§ MATERIALS PROVIDED
====================

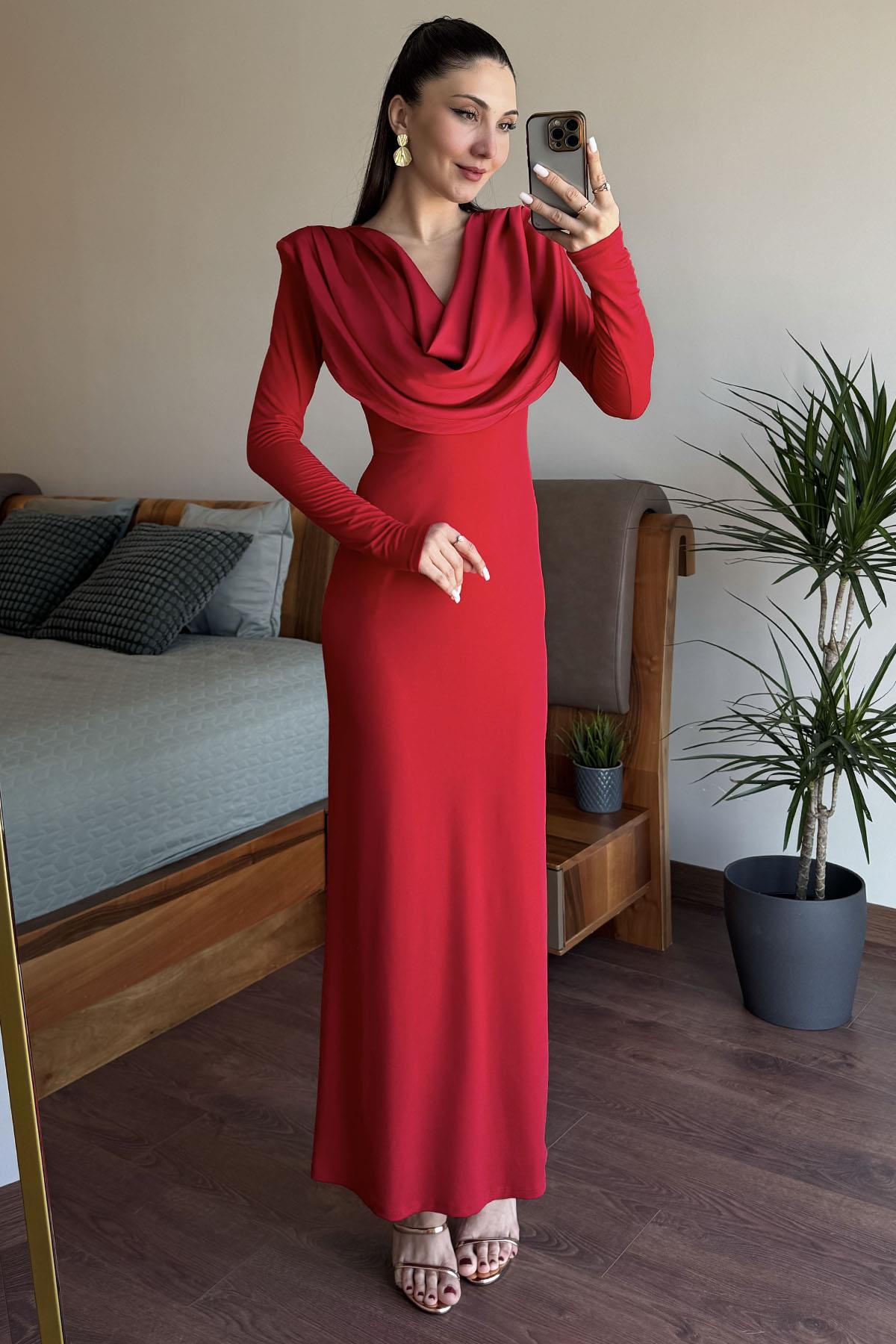 Kırmızı Pileli Degaje Yaka Elbise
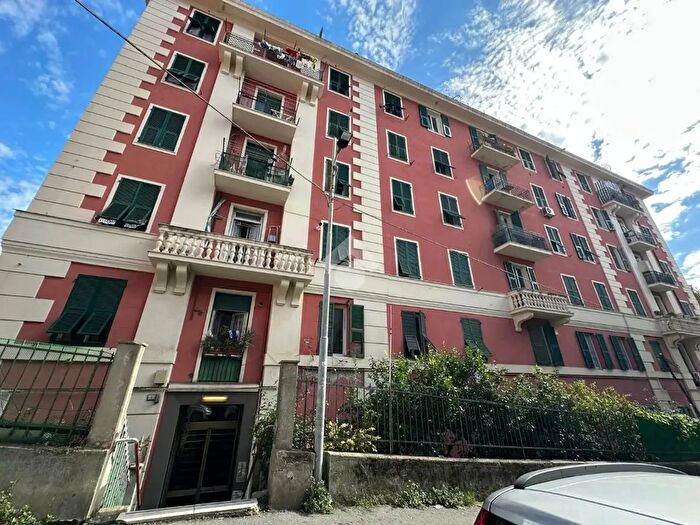 Appartamento trilocale in vendita in Salita Padre Umile, Genova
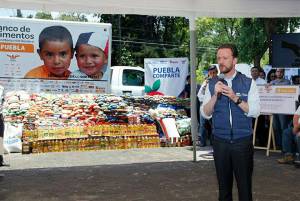 Alcalde Banck entrega tres toneladas de alimentos a Puebla Comparte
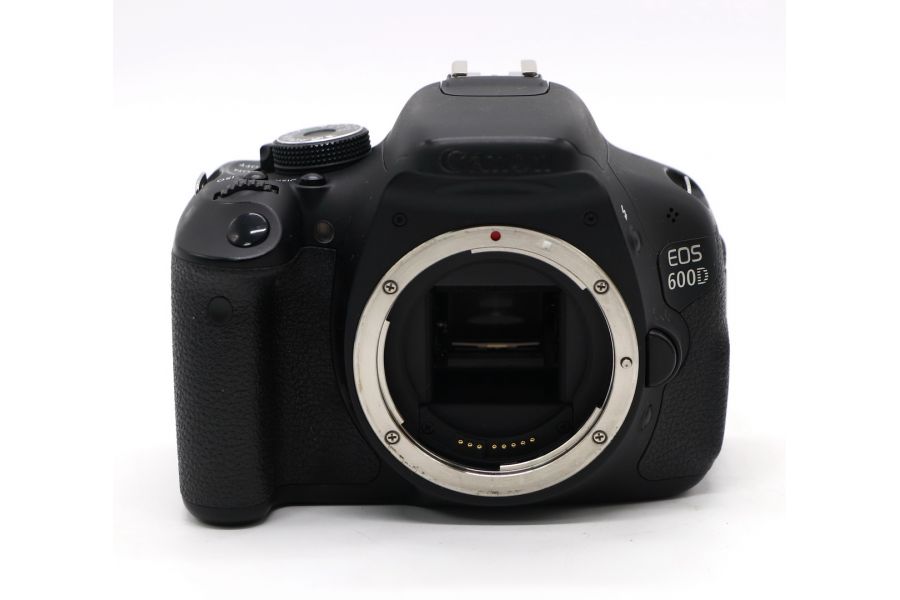 Камера Canon EOS 600D body (пробег 31280 кадров)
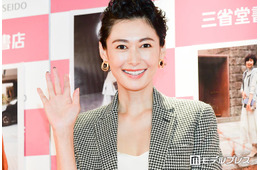 2児の母・田丸麻紀、夫の誕生日パーティーで息子たちとユニークな眼鏡姿披露「おしゃれな家族ショット」「幸せ溢れてる」と反響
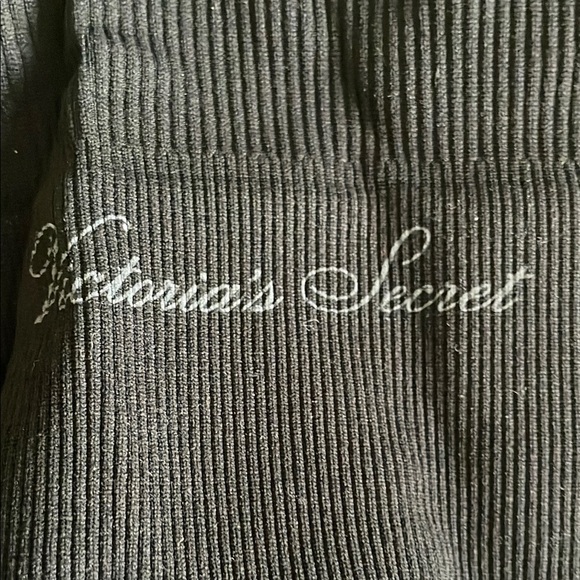 Victoria’s Secret Black Ribbed Crop Top - Picture 3 of 4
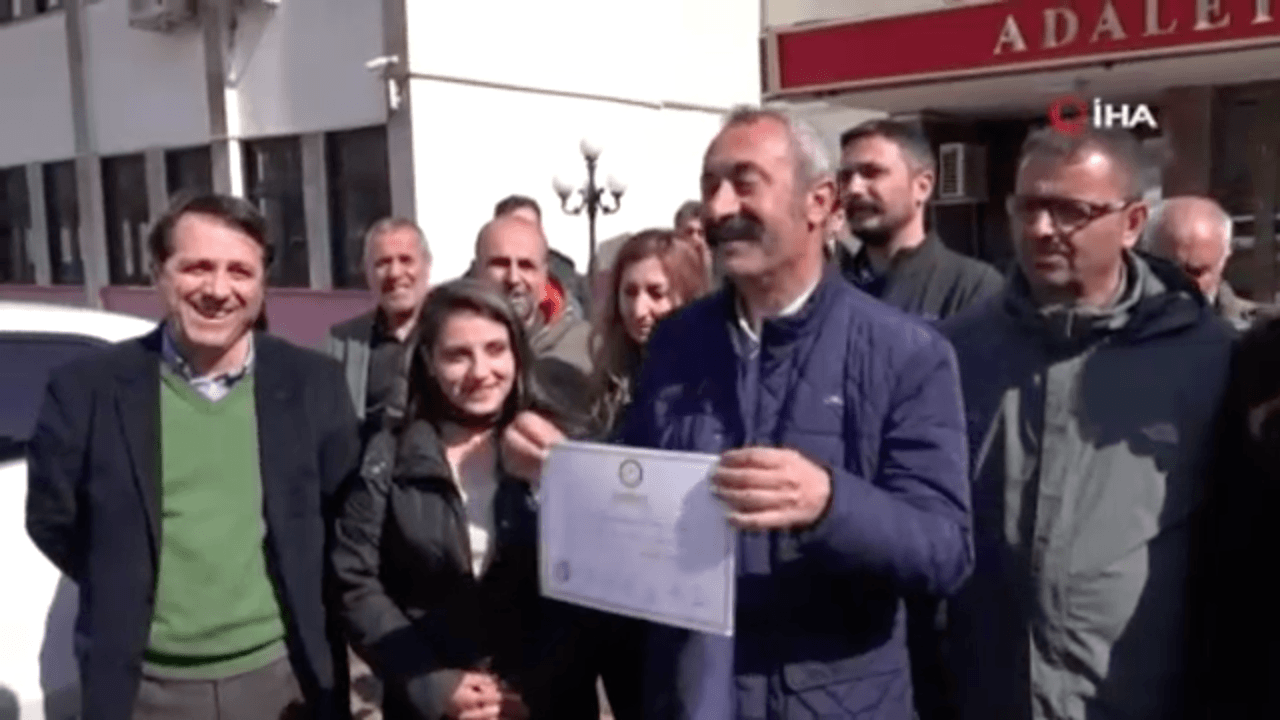 Komünist Başkan Maçoğlu, mazbatasını aldı!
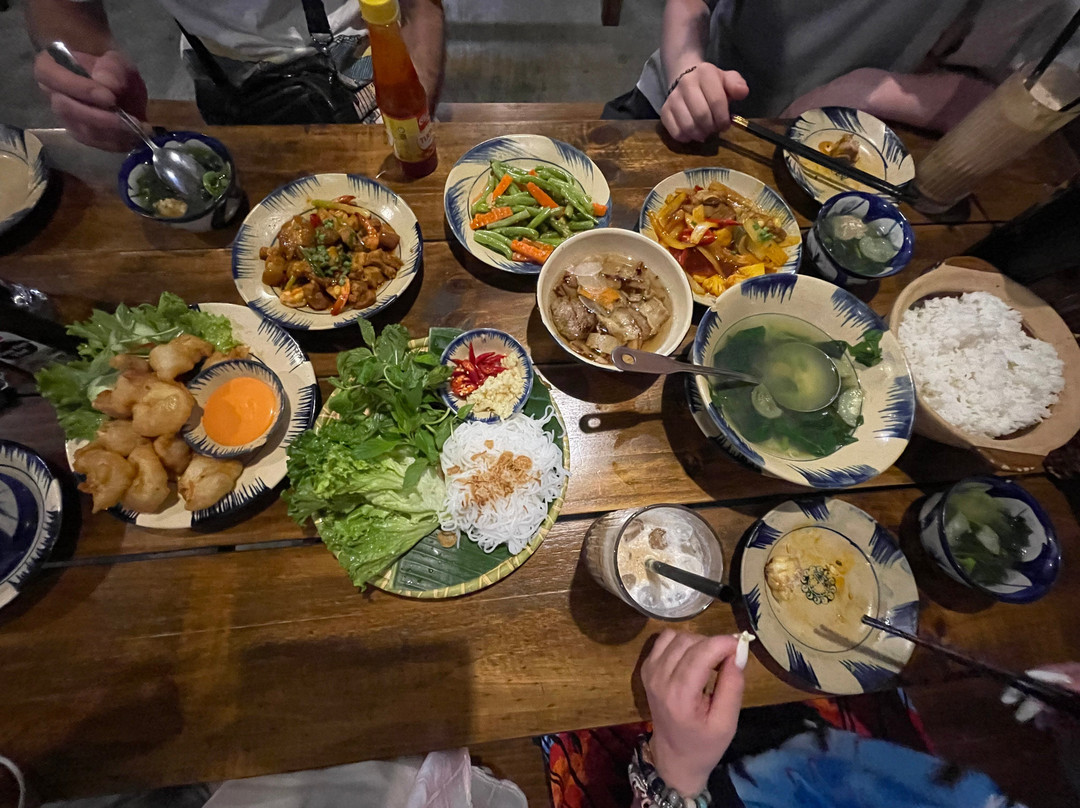 Là Nhà Restaurant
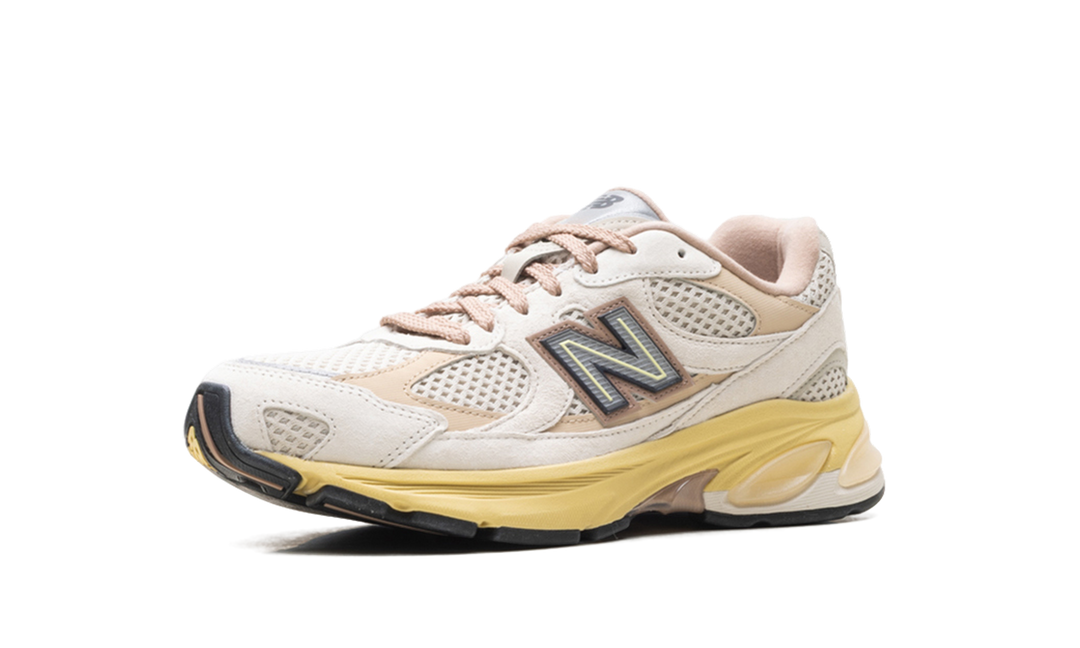 NEW BALANCE 2010 ROSE BEIGE — Stock 
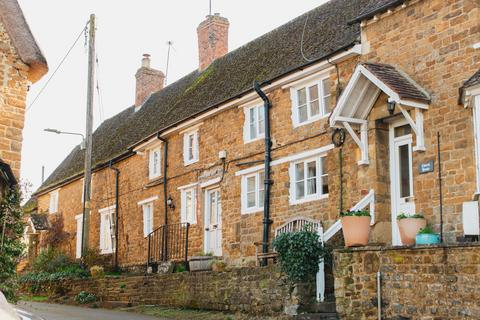 3 bedroom terraced house for sale, Merrivales Lane, Bloxham, OX15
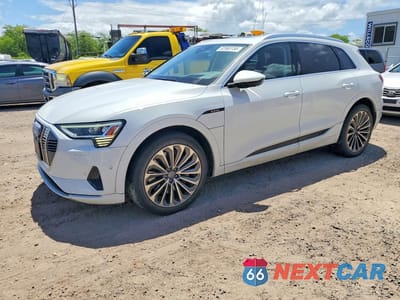 2019 AUDI E-TRON PRESTIGE WA1VAAGE2KB022741 - główne zdjęcie licytacji z USA - miniatura
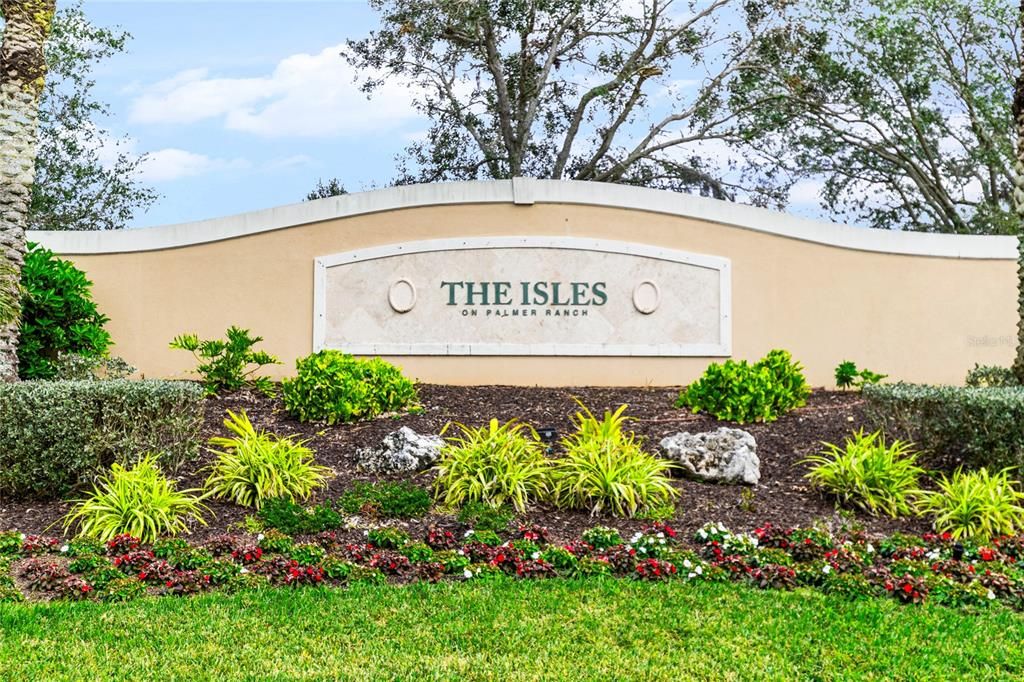 For Rent: $2,495 (3 beds, 2 baths, 1672 Square Feet)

====================

§ EXERCISE
With the pictures removed, repeat the listing above exactly as it stands.

§ SOLUTION FOR THIS EXERCISE
 Kırmızı Pileli Degaje Yaka Elbise
 Appartamento trilocale in vendita in Salita Padre Umile, Genova
 Alcalde Banck entrega tres toneladas de alimentos a Puebla Comparte
 Камера Canon EOS 600D body (пробег 31280 кадров)
 2児の母・田丸麻紀、夫の誕生日パーティーで息子たちとユニークな眼鏡姿披露「おしゃれな家族ショット」「幸せ溢れてる」と反響
 Victoria’s Secret Black Ribbed Crop Top - Picture 3 of 4
 Komünist Başkan Maçoğlu, mazbatasını aldı!
 Là Nhà Restaurant
 NEW BALANCE 2010 ROSE BEIGE — Stock 
 3 bedroom terraced house for sale, Merrivales Lane, Bloxham, OX15
 2019 AUDI E-TRON PRESTIGE WA1VAAGE2KB022741 - główne zdjęcie licytacji z USA - miniatura
 For Rent: $2,495 (3 beds, 2 baths, 1672 Square Feet)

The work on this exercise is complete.